Spokesman: Thank you. Yes, Jonathan.
Question: Thanks a lot and look forward to bumping into you in your next incarnation.
Spokesman: On a personal level.
Question: Our careers have had a little bit of a parallel, in a strange way, different orbits. One question on Darfur, because there is so much activity now going on with Darfur, and there is some traction now. The Secretary-General’s calls, it seems, are now being heard. Is the Secretary-General still going to go underground, or do you anticipate perhaps…?
Spokesman: He will continue until next week to follow this very closely. And if he needs to, he will come in if there is Council action. So, he’s continuing to follow this until the 31 [December]. But there is a clear change of Administration. The helm of the UN will switch to Mr. Ban Ki-moon and, in that capacity, he will lead the UN’s effort on Darfur. As for the Secretary-General’s personal involvement, he will obviously continue to follow it, but I think his plans remain the same -– to take some time off and decide on what his priorities will be, and then we’ll see what he does. Yes, Linda?
Question: Steph, I too would like to express best wishes for the future to you and also ask do you expect that the Secretary-General will be present at the Security Council, if sanctions are imposed?
Spokesman: On the vote tomorrow?
Spokesman: No. I do not expect him to be in.
Question: Thank you.
Spokesman: Yes, Elissa?
Question: How unprecedented is the revolving door policy? Is this the first revolving door policy of any kind to be adopted by the UN?
Spokesman: Unprecedented. Unprecedented in terms of the restrictions of post-employment having to do with staff members who’ve worked in procurement. This is something that has been a problem for us in the past, and it is an issue we’ve tried to address. Yes, Betsy?
Question: So, up till now, there has not been any kind of regulation?
Spokesman: Not with these types of very clear restrictions.
Question: So, there had been something?
Spokesman: I’d have to check, but if there was something, it was something that really wasn’t being followed.
Question: And one last question on that. Is the Secretary-General of the United Nations, who’s not technically a staff member, also subject to those restrictions?
Spokesman: No, he’s not, as you say, not technically a staff member, but he will abide by the high ethics that he’s abided by in his 10 years in the office.
Question: Doesn’t really answer it.
Spokesman: Well, it applies to all staff members. He legally is not a staff member so legally, it does not apply to him, but he will follow the spirit of these regulations.
Question: Also Chris Burnham, when he left, said even though it was going to be enacted after he left, that he would abide by them.
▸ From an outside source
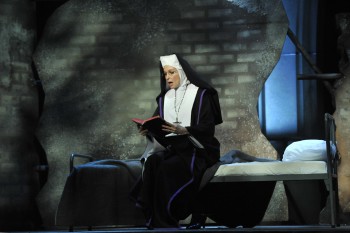 Kate Normington (Mother Superior)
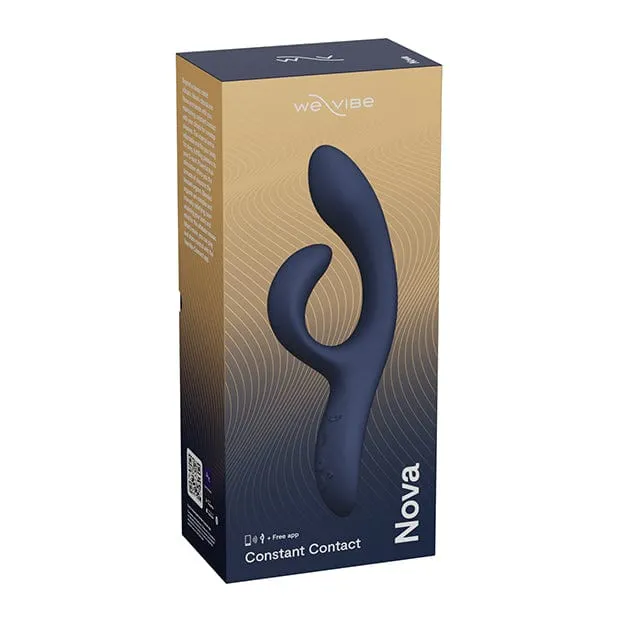 WE VIBE - Nova 2 by We-Vibe Rabbit Vibrator (Midnight Blue)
Has your Office heard anything, has anyone that’s left recently also sort of pledged to you to abide by this rule despite its being done on the last day?
Spokesman: Not that I’m aware of. But, we would obviously expect people to follow those regulations. George.
Question: Do I understand this correctly that there has been a clear undertaking on the part of Mr. Ban Ki-moon that he will abide by these staff regulations even though they…
Spokesman: No, no, no, I was answering for Kofi Annan.
Question: In other words, you cannot tell us anything because you don’t speak for one.
Question: Also, on my own personal behalf, I’d like to congratulate you and give you the very best wishes and say specifically how much I admire your grace under pressure and your admirable cool in the face of all manner of heat.
Spokesman: Thank you. On that note, I will leave you. Thank you very much.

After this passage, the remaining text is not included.